As I stood in front of the First Methodist Church in that chilly January weather, my heart was touched by the wives, sweethearts, children and even babies that were being left behind as these men left for military service.
Of that group there are just a very few living today. H. Clint Brewer, Otis Strong, George Wiltheis, Jack Martin, Asa Robinson, and Grady Frazier of Houston, Tex. are the only ones that I am aware of being alive today.
And then on March 17 a group of draftees left Minden. Among this group was my future husband, J. C. Agan, Jr. I remember him coming by the office and telling all of us goodbye. It was such a sad day for all the employees, and especially for me.
During the war years my boss, Mr. Leon Adkins, corresponded with many of the boys he had taught in Sunday School. He posted their letters on a big bulletin board in our office. Each time there was one of Minden's own wounded or killed, word spread across town and our hearts ached for those loved ones.
When word came that Leon Allen had been killed, the Lions Club asked that Mr. Harry Andress send a letter to the family.
It fell my duty to compose the letter. I read some of the letters that President Lincoln sent parents of sons who were killed during the Civil War and I used some of his expressions to compose my letter. I did not know Leon but I knew his family here, and it was such a sad task to write that letter.
After the war was over, J. C. came home and we were married. We visited the East Coast on several occasions. It was our privilege in 1948 to see the Declaration of Independence in the Library of Congress.

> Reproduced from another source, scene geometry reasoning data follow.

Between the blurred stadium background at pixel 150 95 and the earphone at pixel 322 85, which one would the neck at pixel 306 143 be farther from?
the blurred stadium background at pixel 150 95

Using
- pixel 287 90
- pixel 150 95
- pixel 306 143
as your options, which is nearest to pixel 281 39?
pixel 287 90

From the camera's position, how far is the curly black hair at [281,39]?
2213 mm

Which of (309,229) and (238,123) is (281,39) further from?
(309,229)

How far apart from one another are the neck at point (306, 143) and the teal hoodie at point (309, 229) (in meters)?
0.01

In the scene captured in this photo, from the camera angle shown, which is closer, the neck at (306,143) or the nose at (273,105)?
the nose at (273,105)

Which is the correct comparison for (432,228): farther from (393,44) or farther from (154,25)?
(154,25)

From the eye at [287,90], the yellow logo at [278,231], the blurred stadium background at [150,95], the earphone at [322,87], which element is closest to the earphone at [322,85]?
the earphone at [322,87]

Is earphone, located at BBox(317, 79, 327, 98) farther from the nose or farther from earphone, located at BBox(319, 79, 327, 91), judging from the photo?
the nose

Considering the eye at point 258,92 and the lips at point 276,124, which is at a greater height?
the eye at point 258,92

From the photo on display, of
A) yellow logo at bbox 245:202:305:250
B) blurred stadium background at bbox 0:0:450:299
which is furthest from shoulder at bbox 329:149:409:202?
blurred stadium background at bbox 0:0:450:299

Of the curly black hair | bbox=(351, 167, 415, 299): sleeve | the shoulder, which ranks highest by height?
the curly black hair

We also viewed the flag that flew over Fort McHenry when Francis Scott Key wrote "The Star Spangled Banner" while on the battleship Minden. I was moved to tears as I viewed these treasures from our country's past.

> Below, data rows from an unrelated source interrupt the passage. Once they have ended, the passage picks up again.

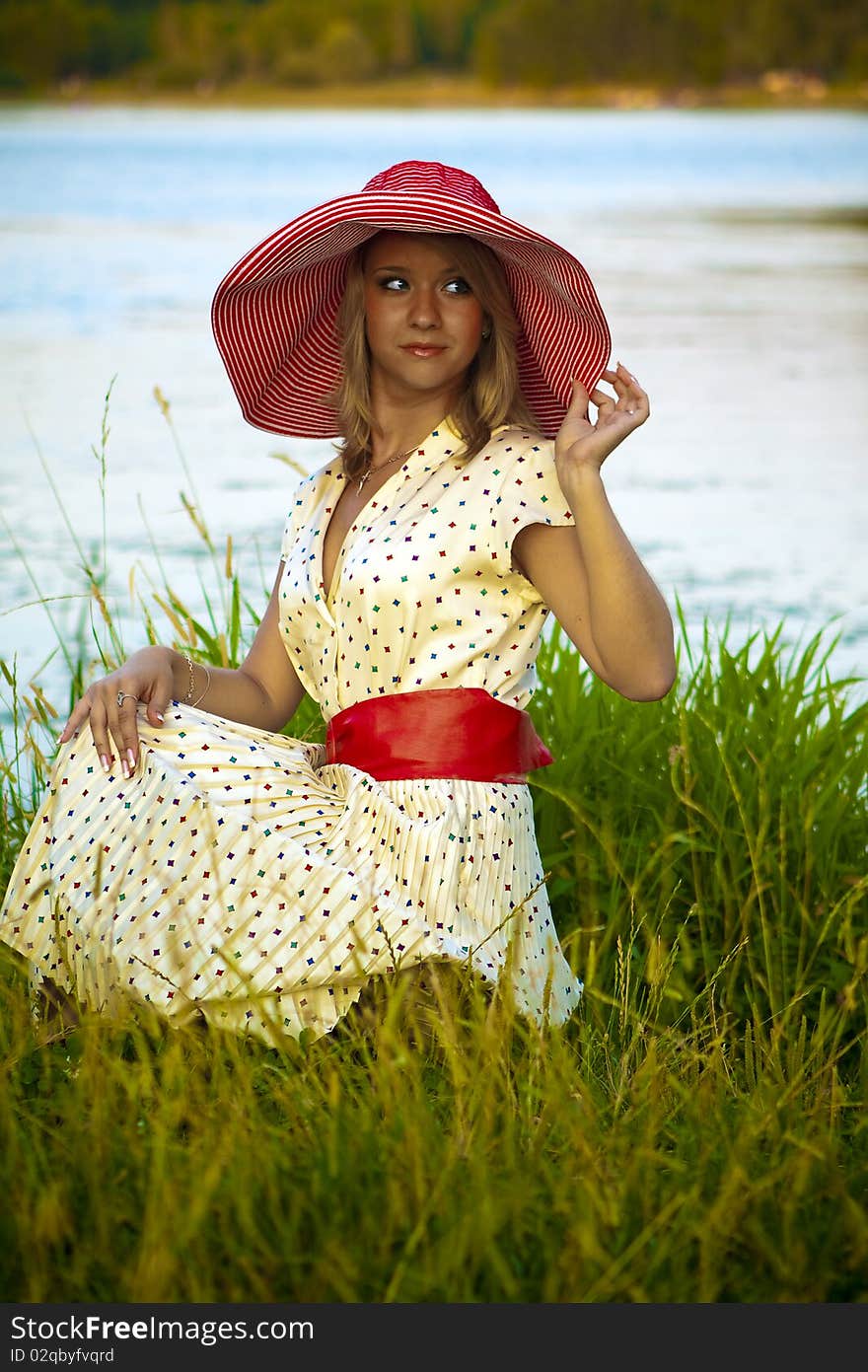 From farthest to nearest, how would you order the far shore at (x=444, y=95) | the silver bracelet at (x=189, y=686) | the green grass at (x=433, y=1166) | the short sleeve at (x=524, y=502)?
the far shore at (x=444, y=95)
the silver bracelet at (x=189, y=686)
the short sleeve at (x=524, y=502)
the green grass at (x=433, y=1166)

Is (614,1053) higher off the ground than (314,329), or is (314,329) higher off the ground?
(314,329)

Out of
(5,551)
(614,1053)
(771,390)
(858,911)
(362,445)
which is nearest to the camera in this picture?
(614,1053)

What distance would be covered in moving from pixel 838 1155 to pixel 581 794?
1093 millimetres

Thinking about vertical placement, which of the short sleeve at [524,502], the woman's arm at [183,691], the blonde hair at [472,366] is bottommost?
the woman's arm at [183,691]

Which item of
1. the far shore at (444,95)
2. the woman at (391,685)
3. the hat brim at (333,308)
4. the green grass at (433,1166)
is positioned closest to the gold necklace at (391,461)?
the woman at (391,685)

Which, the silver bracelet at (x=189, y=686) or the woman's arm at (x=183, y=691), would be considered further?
the silver bracelet at (x=189, y=686)

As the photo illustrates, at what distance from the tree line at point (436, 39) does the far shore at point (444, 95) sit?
117 centimetres

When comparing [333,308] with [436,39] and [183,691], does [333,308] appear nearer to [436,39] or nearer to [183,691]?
[183,691]

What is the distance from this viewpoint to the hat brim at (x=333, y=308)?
2.38m

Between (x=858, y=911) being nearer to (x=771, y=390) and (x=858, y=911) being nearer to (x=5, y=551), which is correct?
(x=5, y=551)

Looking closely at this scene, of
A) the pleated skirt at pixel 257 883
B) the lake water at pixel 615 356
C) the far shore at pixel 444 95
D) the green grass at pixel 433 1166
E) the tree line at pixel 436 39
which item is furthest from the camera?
the far shore at pixel 444 95

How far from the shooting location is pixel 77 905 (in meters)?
2.32

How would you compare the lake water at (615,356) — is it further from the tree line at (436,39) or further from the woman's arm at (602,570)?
the tree line at (436,39)

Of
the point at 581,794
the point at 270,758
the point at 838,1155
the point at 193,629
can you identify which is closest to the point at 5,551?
the point at 193,629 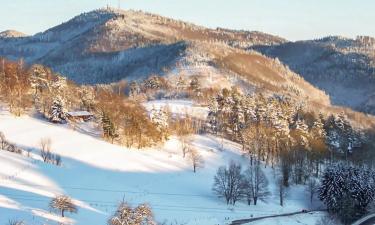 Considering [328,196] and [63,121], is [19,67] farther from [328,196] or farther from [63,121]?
[328,196]

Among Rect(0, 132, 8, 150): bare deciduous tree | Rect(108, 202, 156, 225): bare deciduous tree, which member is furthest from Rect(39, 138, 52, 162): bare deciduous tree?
Rect(108, 202, 156, 225): bare deciduous tree

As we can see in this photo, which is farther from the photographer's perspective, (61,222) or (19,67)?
(19,67)

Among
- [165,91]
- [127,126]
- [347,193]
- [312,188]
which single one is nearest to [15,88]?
[127,126]

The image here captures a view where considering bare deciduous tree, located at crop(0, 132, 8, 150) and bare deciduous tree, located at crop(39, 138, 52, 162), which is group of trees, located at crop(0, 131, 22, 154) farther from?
bare deciduous tree, located at crop(39, 138, 52, 162)

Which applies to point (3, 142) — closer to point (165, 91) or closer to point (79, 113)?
point (79, 113)

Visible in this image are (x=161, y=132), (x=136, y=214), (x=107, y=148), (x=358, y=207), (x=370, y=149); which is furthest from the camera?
(x=370, y=149)

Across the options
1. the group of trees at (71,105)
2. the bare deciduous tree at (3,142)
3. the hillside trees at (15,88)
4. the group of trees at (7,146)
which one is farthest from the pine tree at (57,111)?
the bare deciduous tree at (3,142)

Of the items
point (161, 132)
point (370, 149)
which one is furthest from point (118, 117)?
point (370, 149) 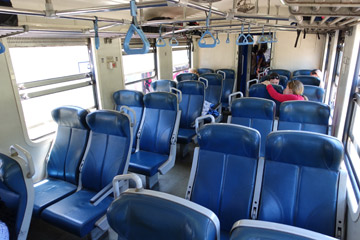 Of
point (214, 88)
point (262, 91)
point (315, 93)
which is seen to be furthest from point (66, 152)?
point (315, 93)

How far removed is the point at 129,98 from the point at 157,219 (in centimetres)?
313

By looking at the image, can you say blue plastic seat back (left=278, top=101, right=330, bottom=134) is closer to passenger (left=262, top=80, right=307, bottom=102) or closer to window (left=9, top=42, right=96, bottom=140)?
passenger (left=262, top=80, right=307, bottom=102)

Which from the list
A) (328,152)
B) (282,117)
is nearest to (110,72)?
(282,117)

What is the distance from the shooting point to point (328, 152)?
67.6 inches

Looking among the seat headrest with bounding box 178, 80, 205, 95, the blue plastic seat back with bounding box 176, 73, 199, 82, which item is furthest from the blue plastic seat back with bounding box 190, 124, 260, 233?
the blue plastic seat back with bounding box 176, 73, 199, 82

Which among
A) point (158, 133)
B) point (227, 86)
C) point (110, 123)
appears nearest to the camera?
point (110, 123)

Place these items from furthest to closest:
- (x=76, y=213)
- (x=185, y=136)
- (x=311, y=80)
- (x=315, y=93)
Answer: (x=311, y=80)
(x=315, y=93)
(x=185, y=136)
(x=76, y=213)

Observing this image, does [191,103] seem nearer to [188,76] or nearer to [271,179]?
[188,76]

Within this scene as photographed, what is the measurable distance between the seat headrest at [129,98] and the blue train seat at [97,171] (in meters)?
1.27

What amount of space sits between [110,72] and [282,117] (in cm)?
294

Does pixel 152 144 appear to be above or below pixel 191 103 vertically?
below

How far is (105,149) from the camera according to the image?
8.54 feet

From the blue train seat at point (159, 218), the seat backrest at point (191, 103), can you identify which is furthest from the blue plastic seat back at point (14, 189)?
the seat backrest at point (191, 103)

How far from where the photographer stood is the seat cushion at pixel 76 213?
207 cm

In later years these things were moved to the National Archives for permanent care to ensure the public could view them for many years to come. On subsequent trips we viewed them there.
Since my son has loved history since before he even started first grade, we made trips so that we could stand on the site of many battles that were fought during the Civil War - Gettysburg, and many others down the East Coast. In the last decade my son has carried me to the site of the Battle of Shiloh.

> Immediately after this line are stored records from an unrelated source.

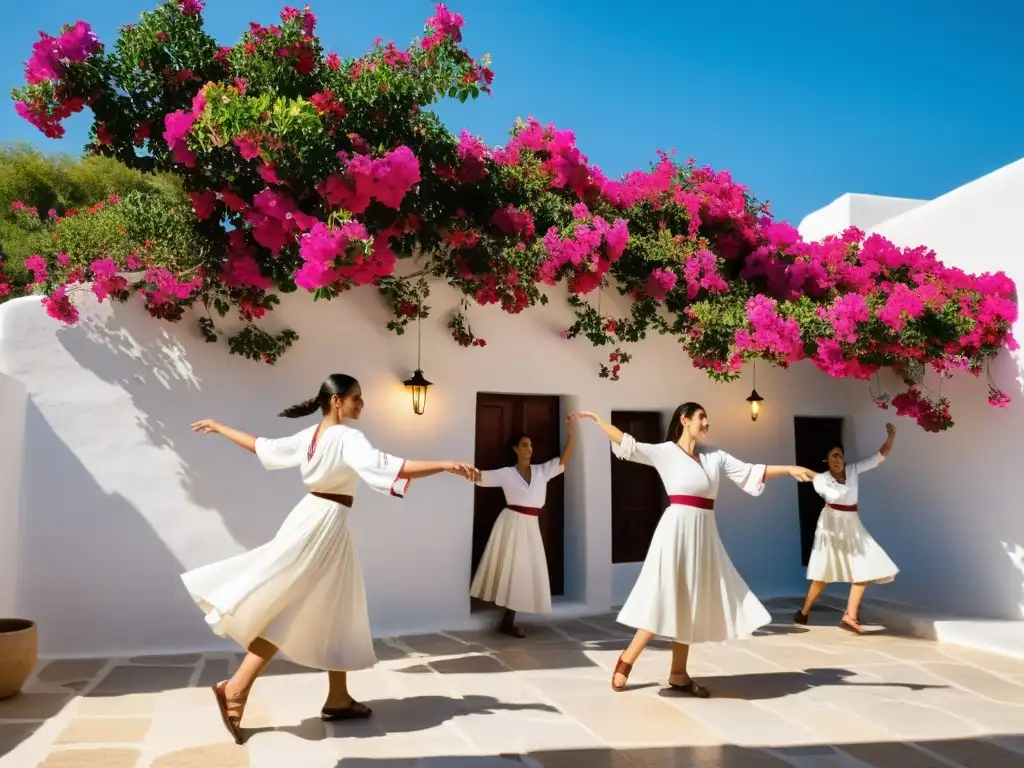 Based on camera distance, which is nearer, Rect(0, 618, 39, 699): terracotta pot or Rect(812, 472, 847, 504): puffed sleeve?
Rect(0, 618, 39, 699): terracotta pot

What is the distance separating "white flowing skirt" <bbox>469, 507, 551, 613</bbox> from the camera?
280 inches

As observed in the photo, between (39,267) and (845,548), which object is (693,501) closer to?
(845,548)

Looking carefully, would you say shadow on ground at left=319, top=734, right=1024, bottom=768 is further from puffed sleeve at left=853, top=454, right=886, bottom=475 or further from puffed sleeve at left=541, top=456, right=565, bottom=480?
puffed sleeve at left=853, top=454, right=886, bottom=475

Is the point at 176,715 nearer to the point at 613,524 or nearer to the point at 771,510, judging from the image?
the point at 613,524

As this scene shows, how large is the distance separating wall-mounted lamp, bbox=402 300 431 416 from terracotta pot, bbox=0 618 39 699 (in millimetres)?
3346

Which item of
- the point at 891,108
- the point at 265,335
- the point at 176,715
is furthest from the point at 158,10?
the point at 891,108

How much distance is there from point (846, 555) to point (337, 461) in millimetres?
5398

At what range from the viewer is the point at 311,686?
5.44m

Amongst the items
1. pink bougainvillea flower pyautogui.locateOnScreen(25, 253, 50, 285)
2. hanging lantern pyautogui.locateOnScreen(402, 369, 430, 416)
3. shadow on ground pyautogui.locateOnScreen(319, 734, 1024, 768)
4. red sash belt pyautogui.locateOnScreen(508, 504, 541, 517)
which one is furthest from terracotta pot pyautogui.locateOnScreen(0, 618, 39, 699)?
red sash belt pyautogui.locateOnScreen(508, 504, 541, 517)

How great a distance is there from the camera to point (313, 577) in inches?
172

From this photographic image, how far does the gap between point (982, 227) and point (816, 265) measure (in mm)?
1601

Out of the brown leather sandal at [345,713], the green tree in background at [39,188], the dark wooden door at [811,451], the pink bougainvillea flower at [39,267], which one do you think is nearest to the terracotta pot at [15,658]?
the brown leather sandal at [345,713]

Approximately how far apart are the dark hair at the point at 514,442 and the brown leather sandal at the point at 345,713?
124 inches

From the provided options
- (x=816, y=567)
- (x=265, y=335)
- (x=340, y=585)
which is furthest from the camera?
(x=816, y=567) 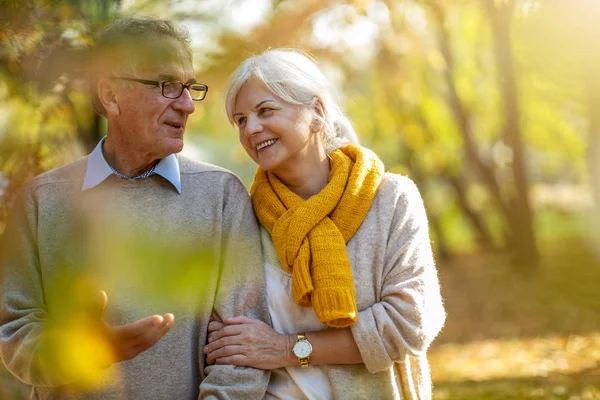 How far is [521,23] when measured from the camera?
8.59 m

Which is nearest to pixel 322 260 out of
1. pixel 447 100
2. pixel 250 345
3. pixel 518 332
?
pixel 250 345

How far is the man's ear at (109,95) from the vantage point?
2.67 meters

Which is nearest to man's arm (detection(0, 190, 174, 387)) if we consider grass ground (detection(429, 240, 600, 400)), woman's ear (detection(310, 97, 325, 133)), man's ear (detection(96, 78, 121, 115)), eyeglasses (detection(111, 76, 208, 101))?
man's ear (detection(96, 78, 121, 115))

At Chalmette where the Battle of New Orleans was fought, I was so moved by the many rows of little white crosses. To think they died in vain, because that battle was fought after the War of 1812 was over, but there were no telephones, cables or any way to spread the word, that peace was now in effect.
For many years our church had a patriotic program each Fourth of July. As the music was played for each branch of service, the men who served in that branch came to the front of the auditorium.
There were many damp eyes as tears were often shed. Following my husband's death in 1989, I could almost visualize him among those men as the Army marched to the front. He had been so proud to march with that group of men. You can know that I cried that day, too.
In my hall closet hangs the dress uniform of my husband with its Sergeant's stripes and his insignia that identified his branch of the army. In my closet, high on a shelf is the huge flag that was presented to me at his funeral.
Tucked away in a drawer is the little mess kit that he carried across North Africa and into Sicily and Italy. It is just a little metal pan with a lid, with a few pieces of eating utensils inside, but to me it is so precious. His ribbons indicate five major battles in the march across Africa as they routed Rommel out.
The little flags that are placed by the American Legion each Memorial Day should be a reminder of how much we owe these men who went and served gallantly in so many difficult situations.
Now you see I am just an old sentimentalist, because I have been crying as I tried to put down my thoughts in this little article. The flag as it passes by, makes me break out in "goose bumps" and somehow it seems that I cannot see too well because of the tears that come to my eyes. Not only will I say "God Bless America" but also God bless these men who went to keep America safe.
Juanita Agan passed away in October, 2008 at the age of 85. She had been a Minden resident since 1935 and a columnist for the Press-Herald since 1995. A constant writer, Mrs. Agan had many stories written but unpublished. The Press-Herald will continue to publish these articles as long as they are submitted.